_Problem_
The records should be repeated word for word, pictures excluded.

BEGIN

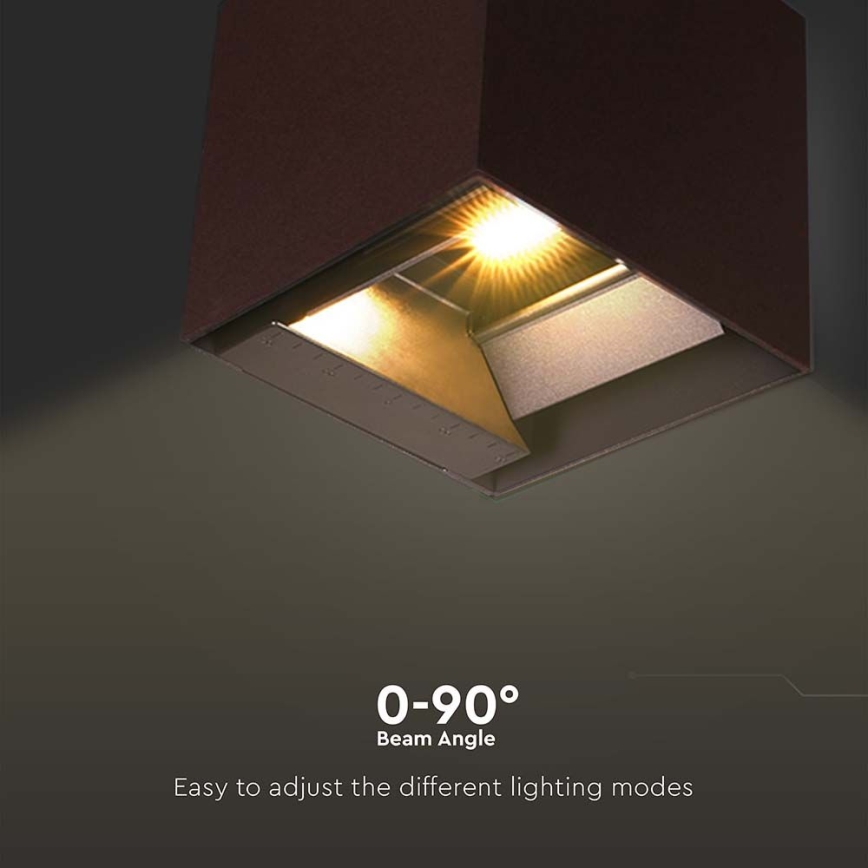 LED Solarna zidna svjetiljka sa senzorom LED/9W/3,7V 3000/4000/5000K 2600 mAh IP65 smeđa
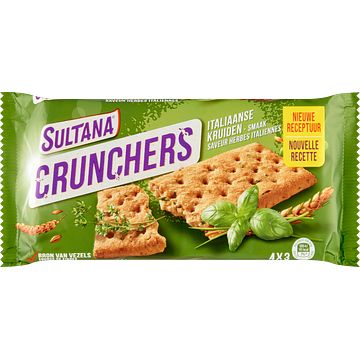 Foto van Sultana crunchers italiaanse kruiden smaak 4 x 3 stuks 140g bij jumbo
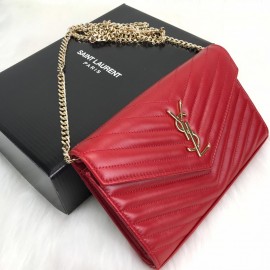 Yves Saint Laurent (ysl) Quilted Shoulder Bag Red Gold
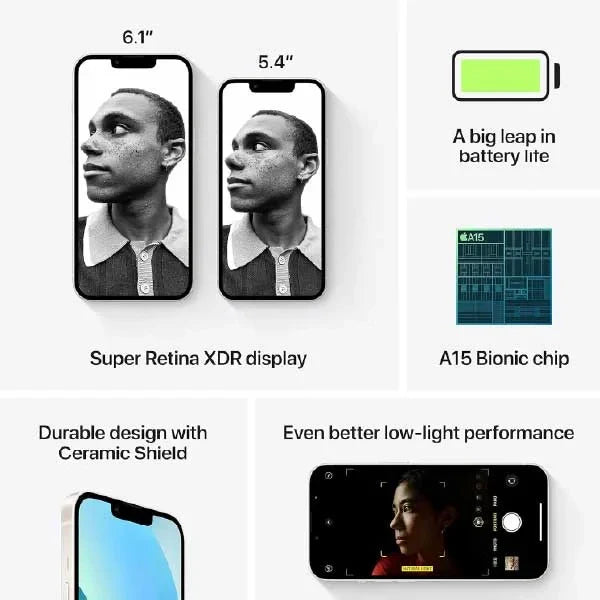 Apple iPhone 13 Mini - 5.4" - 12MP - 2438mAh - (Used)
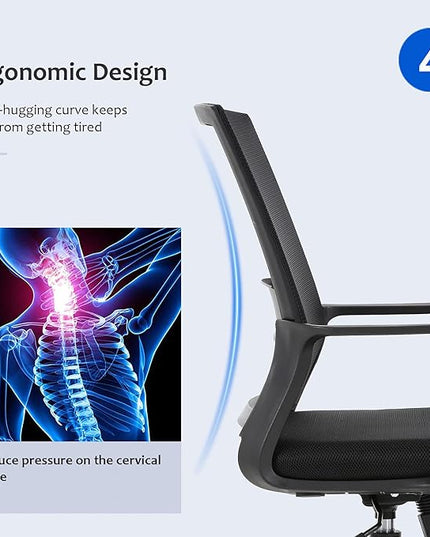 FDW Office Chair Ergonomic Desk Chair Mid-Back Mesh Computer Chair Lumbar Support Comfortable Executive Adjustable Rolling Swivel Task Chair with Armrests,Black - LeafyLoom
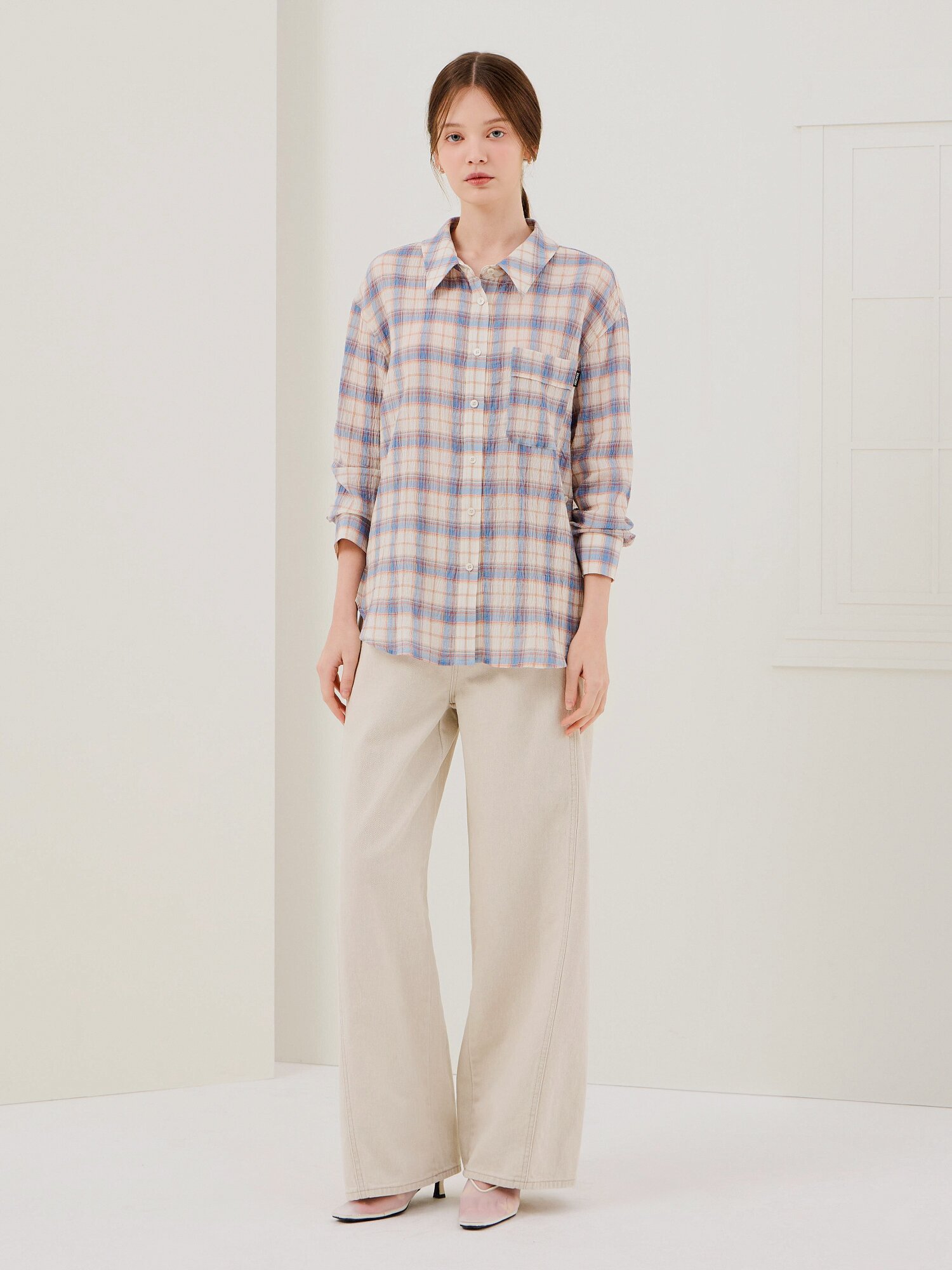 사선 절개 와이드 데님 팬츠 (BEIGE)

END

_Solution_
 LED Solarna zidna svjetiljka sa senzorom LED/9W/3,7V 3000/4000/5000K 2600 mAh IP65 smeđa
 Foto van Sultana crunchers italiaanse kruiden smaak 4 x 3 stuks 140g bij jumbo
 Yves Saint Laurent (ysl) Quilted Shoulder Bag Red Gold
 Apple iPhone 13 Mini - 5.4" - 12MP - 2438mAh - (Used)
 FDW Office Chair Ergonomic Desk Chair Mid-Back Mesh Computer Chair Lumbar Support Comfortable Executive Adjustable Rolling Swivel Task Chair with Armrests,Black - LeafyLoom
 사선 절개 와이드 데님 팬츠 (BEIGE)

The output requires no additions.